From the first line to the last, set down the material exactly, leaving out its pictures.

Source data:
———
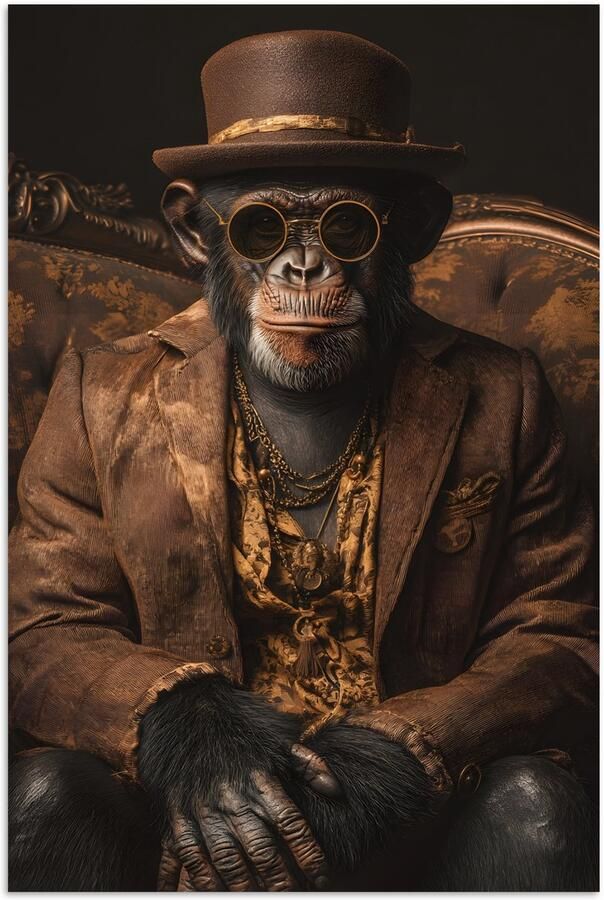 PosterMonkey Poster 80x120 cm Chimpansee Stoel Pak Bruin Posters Kamer decoratie Wanddecoratie woonkamer Muurdecoratie slaapkamer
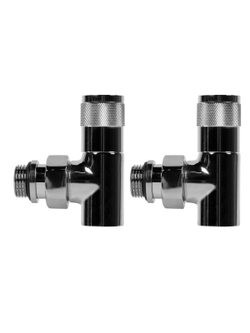 Набор дизайн-вентилей PIANO, угловой (хром) 1/2"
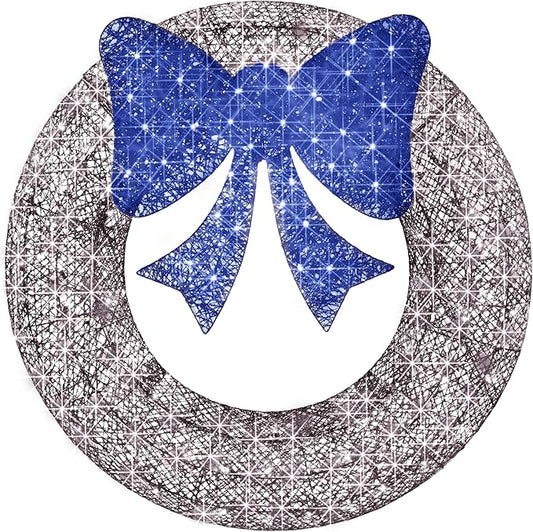 Best Choice Products 30in Pre-Lit Outdoor Christmas Wreath Decoration, LED Metal Holiday Decor for Home w/ 100 Lights, Bow - Hanukkah Silver/Blue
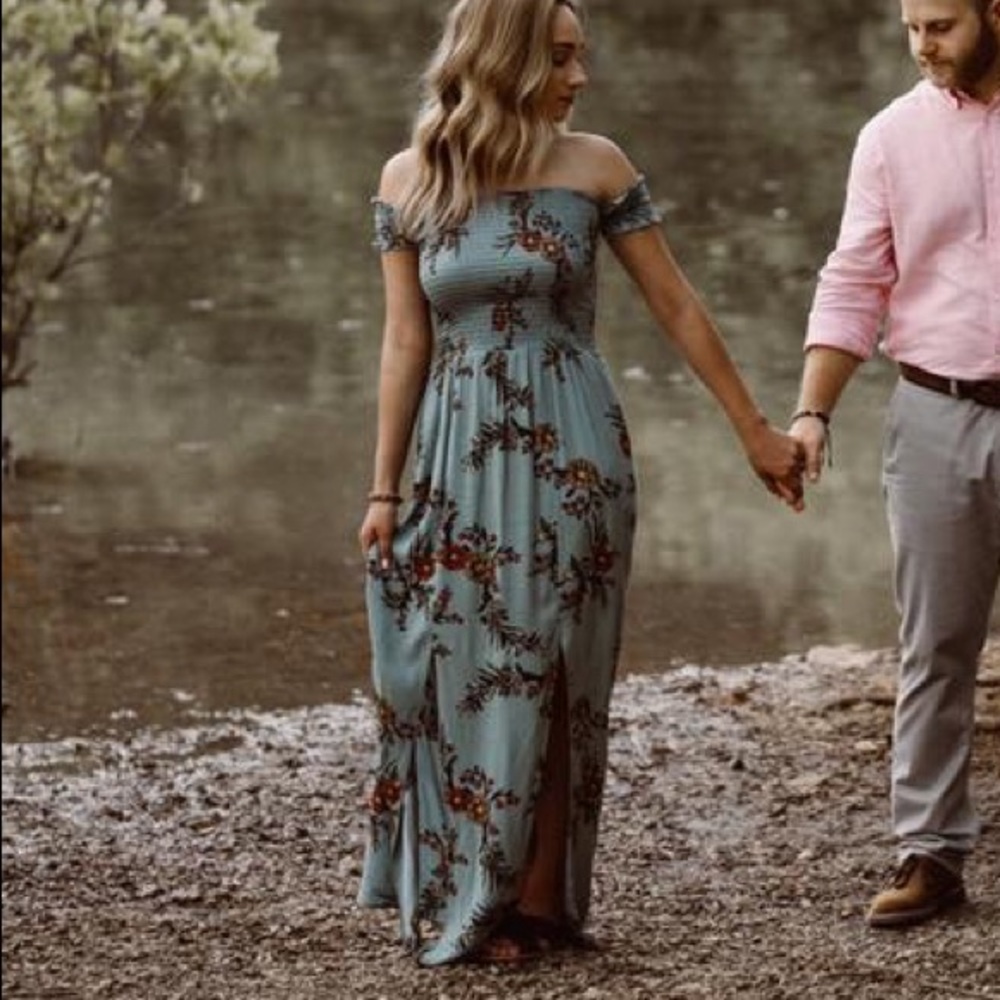 Altar’d State blue floral maxi dress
———
Task result:
 PosterMonkey Poster 80x120 cm Chimpansee Stoel Pak Bruin Posters Kamer decoratie Wanddecoratie woonkamer Muurdecoratie slaapkamer
 Набор дизайн-вентилей PIANO, угловой (хром) 1/2"
 Best Choice Products 30in Pre-Lit Outdoor Christmas Wreath Decoration, LED Metal Holiday Decor for Home w/ 100 Lights, Bow - Hanukkah Silver/Blue
 Altar’d State blue floral maxi dress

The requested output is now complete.